STATUTORY INDEXING:    
Not Applicable

TOPICAL INDEXING:
Insurance Agents (Duty to Insured)
Private Contract (Meaning and Intent)
Uninsured Motorist Benefits: Uninsured Motorist Coverage in General    


CASE SUMMARY:  
In this unanimous per curiam Opinion, the Court of Appeals held that defendant insurance company did not improperly deny uninsured motorist coverage to plaintiff where, six years before the accident, it had sent a declaration sheet to plaintiff containing a notation that provided:

"Uninsured motorist coverage has been removed from your policy. It is available on request See enclosed letter for more information.”

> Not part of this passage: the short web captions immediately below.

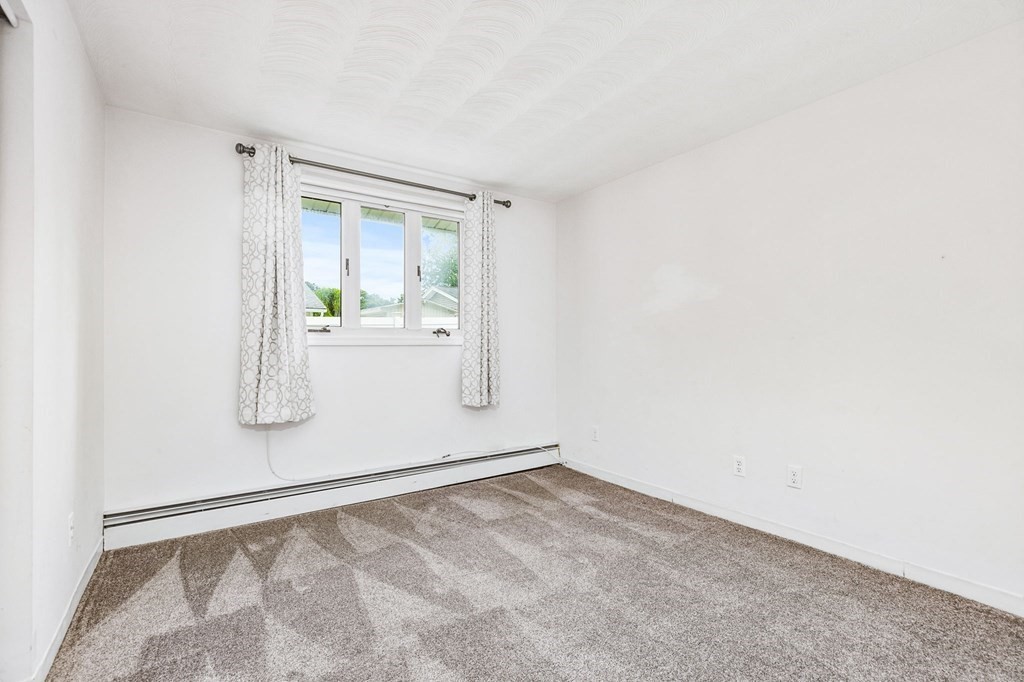 14 Rosslare Road Framingham, MA 01701 - Photo 14 of 32 Gallery Image 14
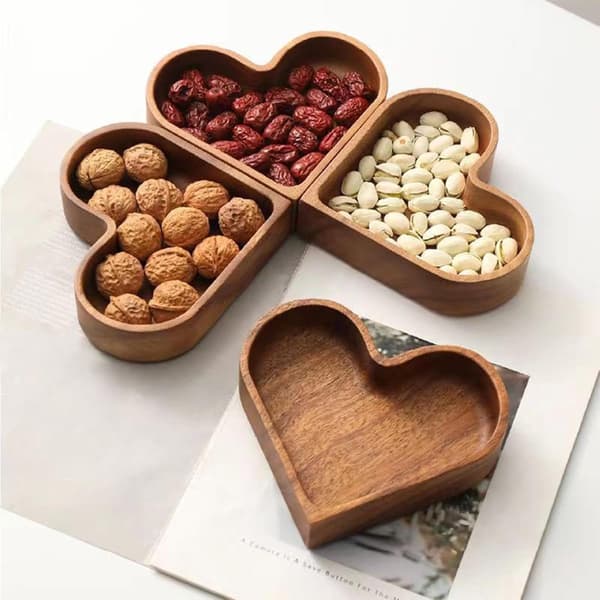 Træ hjerteformede snackskåle sæt med 4, 17 cm serveringsbakker til nødder, tørret frugt, slik, smykker, borddekoration til bryllupsfest, housewarming gave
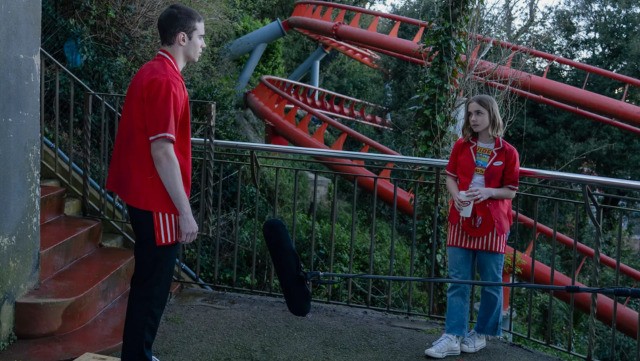 Através da Minha Janela (2022)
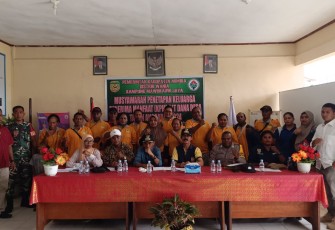 Babinsa Koramil 1710-02/Mimika Hadiri Musyawarah Desa Bahas Penetapan Calon Keluarga Penerima Manfaat BLT DD Tahun 2024 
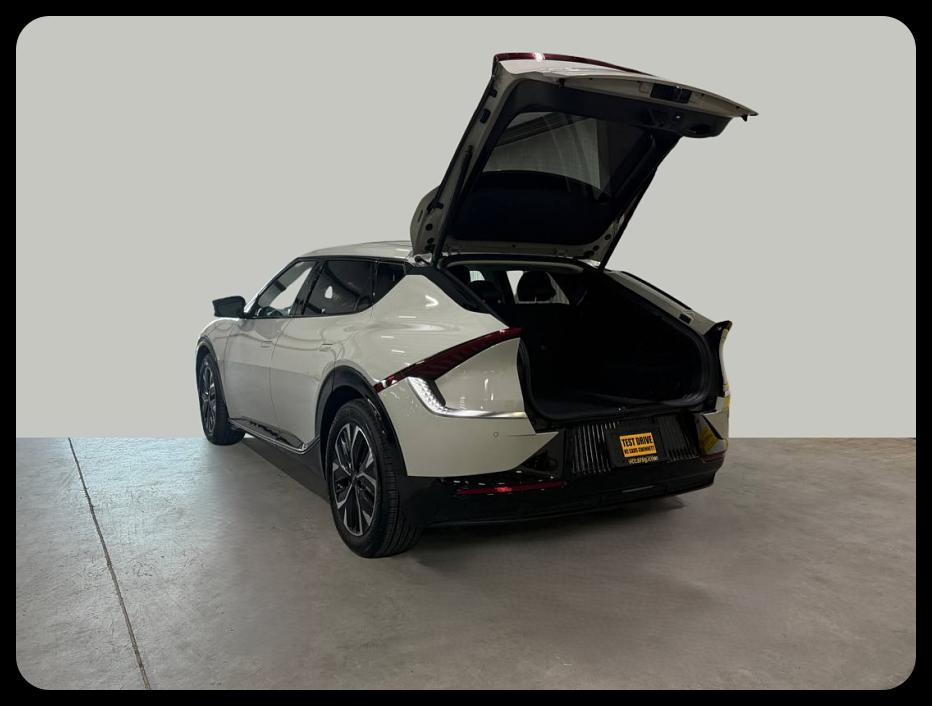 Kia EV6 photo 8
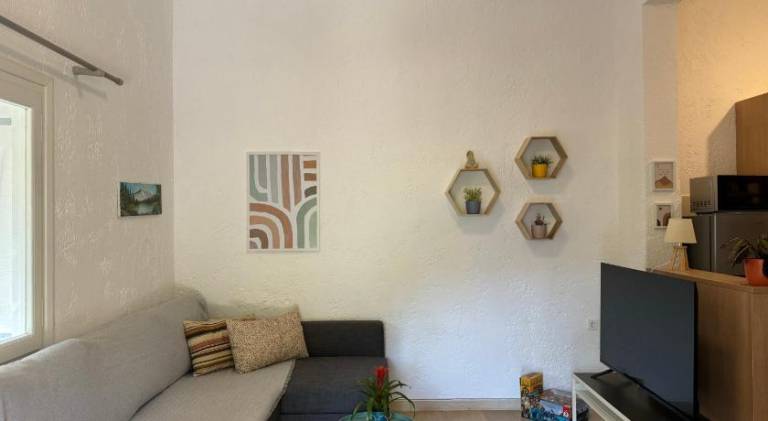 House with garden, terrace & barbecue — photo 2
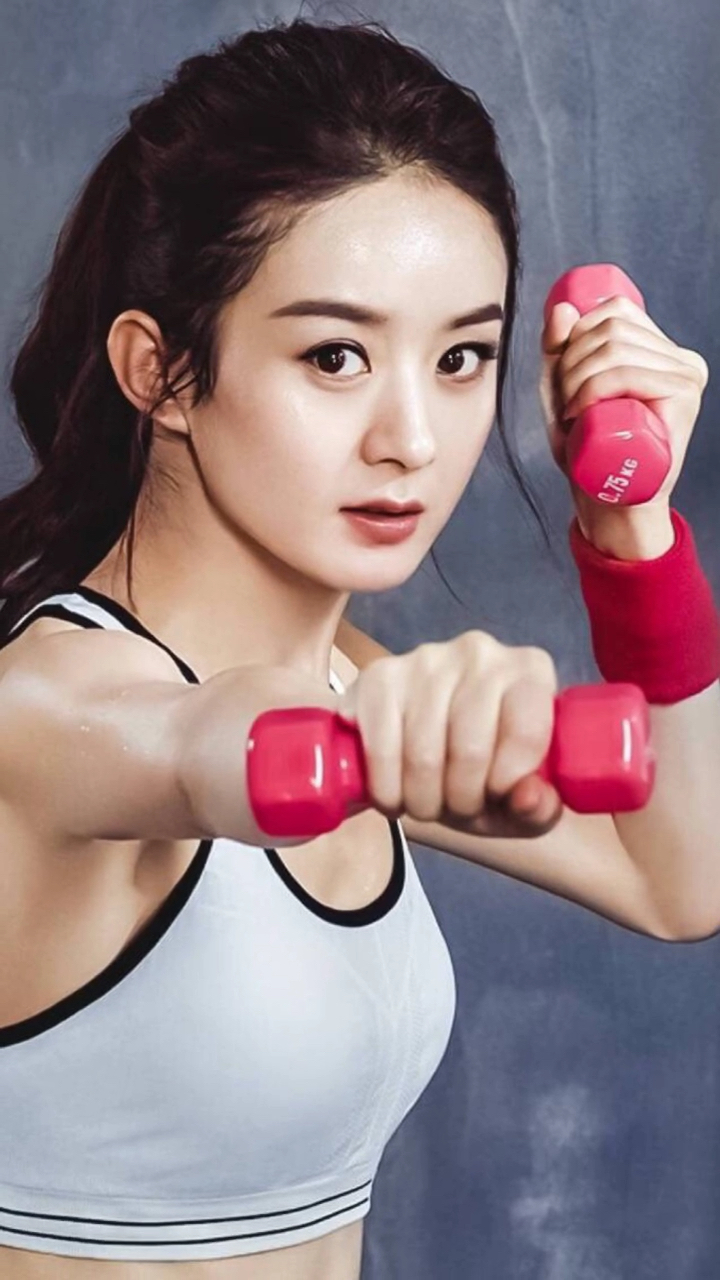 赵丽颖运动大片,小姐姐活力四射,健康的肤色,完美的身材.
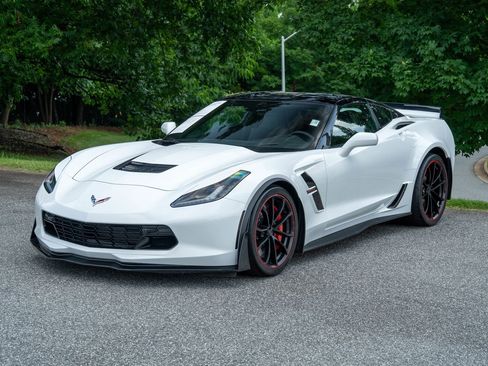 Used 2018 Chevrolet Corvette Grand Sport w/ Z07 Performance Package image 4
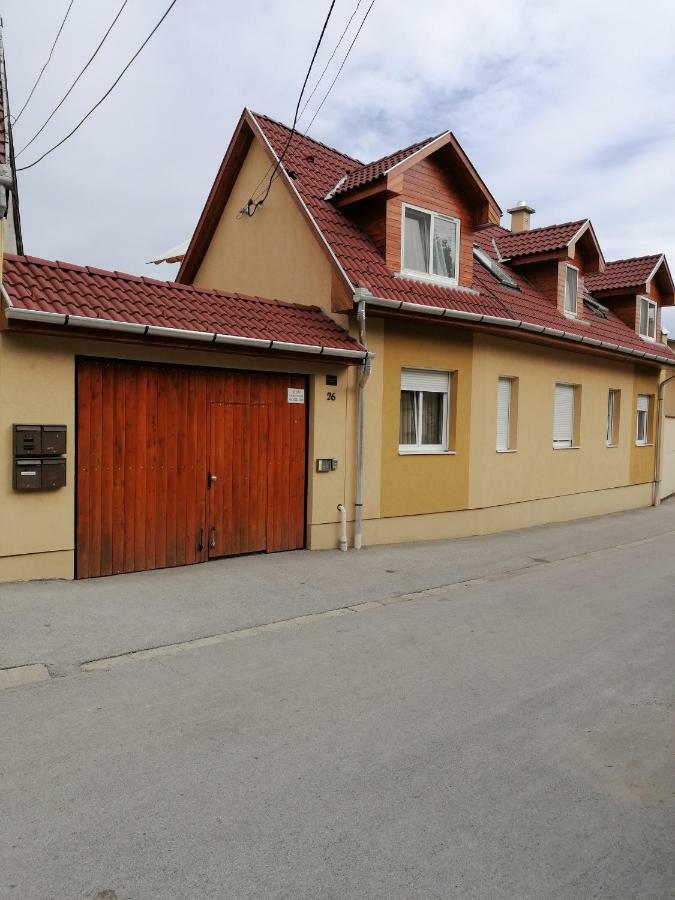 Zita Apartman Eger Exteriér fotografie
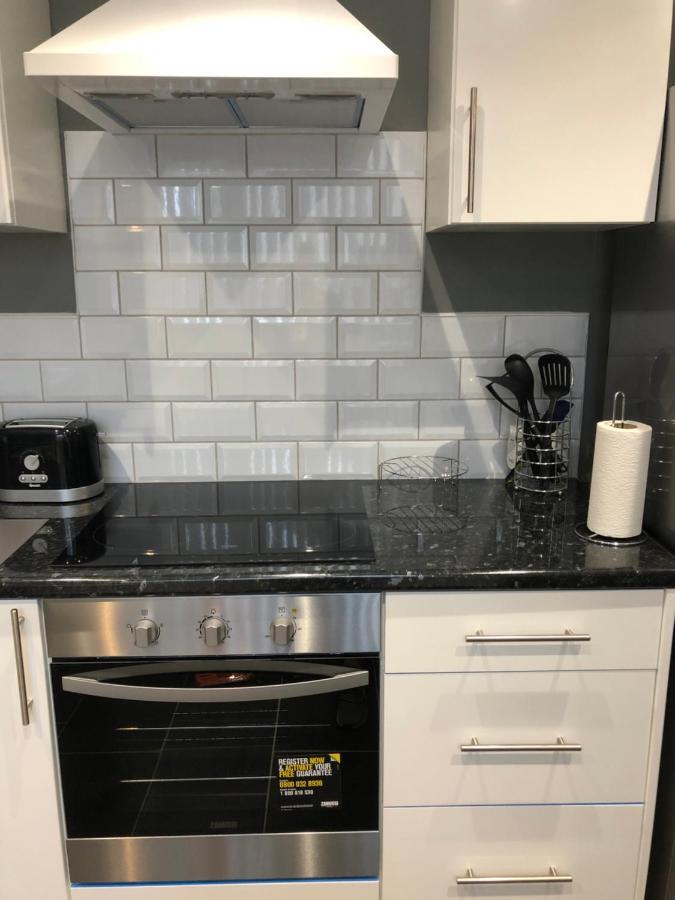 Guest house 3. Stylish Private Double Near Centre Manchester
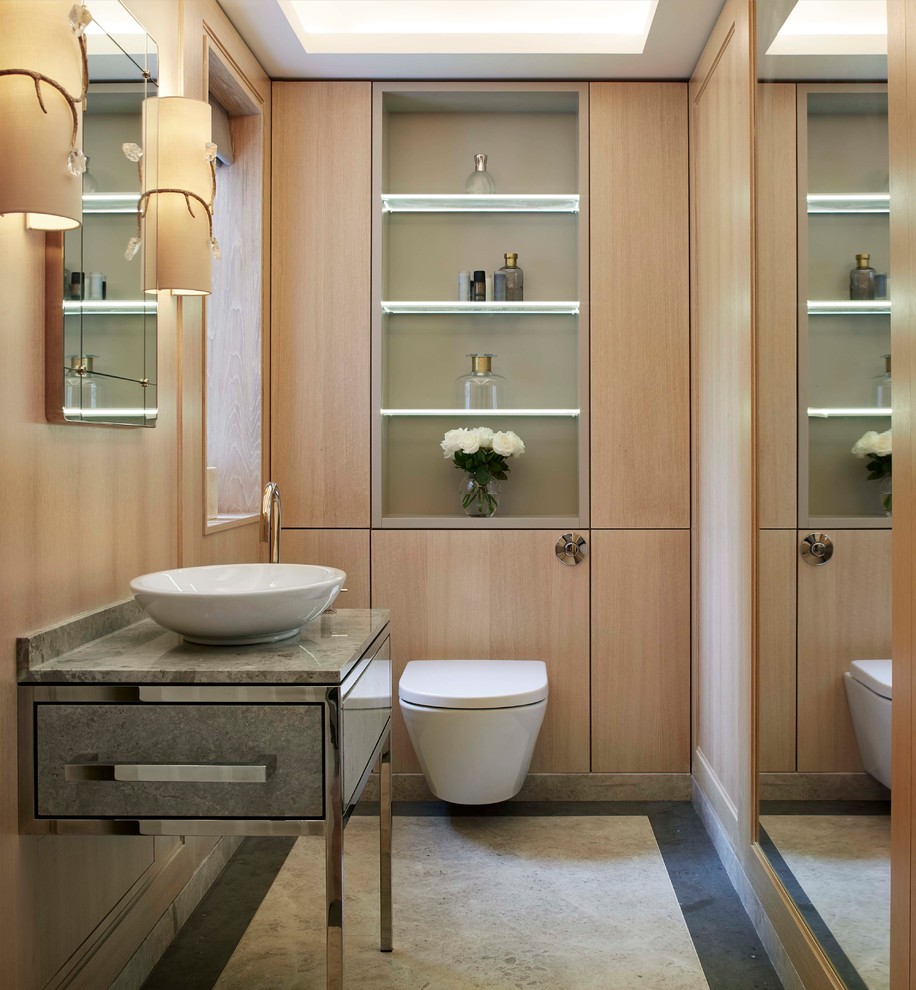 Immagine di una piccola stanza da bagno con doccia design con ante lisce, ante in legno chiaro, WC sospeso, pareti marroni, pavimento in pietra calcarea, lavabo a bacinella, top in marmo e pavimento grigio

The plaintiff acknowledged receiving the declaration, but did not remember reading about the deletion of uninsured motorist coverage. Further, plaintiff never contacted the defendant insurance company to request uninsured motorist coverage. The court found that there was no special relationship between the parties, such that the defendant had a duty to advise plaintiff about the adequacy of his insurance coverage. The court relied upon an earlier decision in Bruner v League General, 164 Mich App 28 (1987), and held that, "An insurance agent does not have an affirmative duty to advise the client regarding the adequacy of his or her coverage. The insured is obligated to read the policy and raise questions. A duty to advise may arise when a special relationship exists." The court further found that the deletion of uninsured motorist coverage was not ambiguous.